I also dare say that, if you pick these Janis/Dorati performances, you won't be disappointed.
Bob Zeidler"
Excellent performances in SACD format
Doug - Haydn Fan | California | 07/09/2007
(5 out of 5 stars)
"These are outstanding performances, with SACD helping to reveal more of the original LPs breathtaking analog sound.
The original reviewer needs no help in answering the comment, but it does remind me of people who throw a gasket when they spot sediment in their wine. For two decades enologists were taught to do all sorts of things to produce a stable clear product. And the wines ended up stripped and denuded, with little aroma and less flavor. But they could sit on store shelves in the direct sunlight and not go bad. (Not that it mattered.) Only in the last couple decades has this insanity been - grudgingly by the monied interests who view wine as just a variety of alcohol - turned around.

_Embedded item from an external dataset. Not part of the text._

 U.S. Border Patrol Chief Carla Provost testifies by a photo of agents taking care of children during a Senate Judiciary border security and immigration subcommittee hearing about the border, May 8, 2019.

You can filter the life out of music, too, or you can present it unfiltered. The choice is yours. Tape hiss CAN be too high, but not always. The trick is finding a liveable balance, and not throwing the baby out with the bath water. Attempting to remove everything flattens out the particulars. And hiss exists for the good reason that clarinets sound astonishingly airy and beautiful when not doblyied and digitalized to death - practically any stereo Enoch Light LP reveals vastly better, life-like clarinets than anything DG has EVER done; yet such old-fashioned recordings are in too many circles today looked down on as crude and hoplessly antideluvian.
Modern digital DG recording, as mentioned in the comment, may be uncompressed, which can be quite exciting, but that's not always helpful, especially when you the listener constantly adjust the volume when noise levels shoot up and down like a yo-yo. (See the opening of the Boulez Mahler 1st, for example.)
Modern digital recordings are incredibly convenient, but they've still a long way to go, even in the SACD format, before they produce sounds as listenable as the best of long ago. Certain companies do a wonderful job, and produce very musical and natural recordings. But far too often it's like comparing soft cotton (analog) to sandpaper (digital). And let's not even go near IPODs!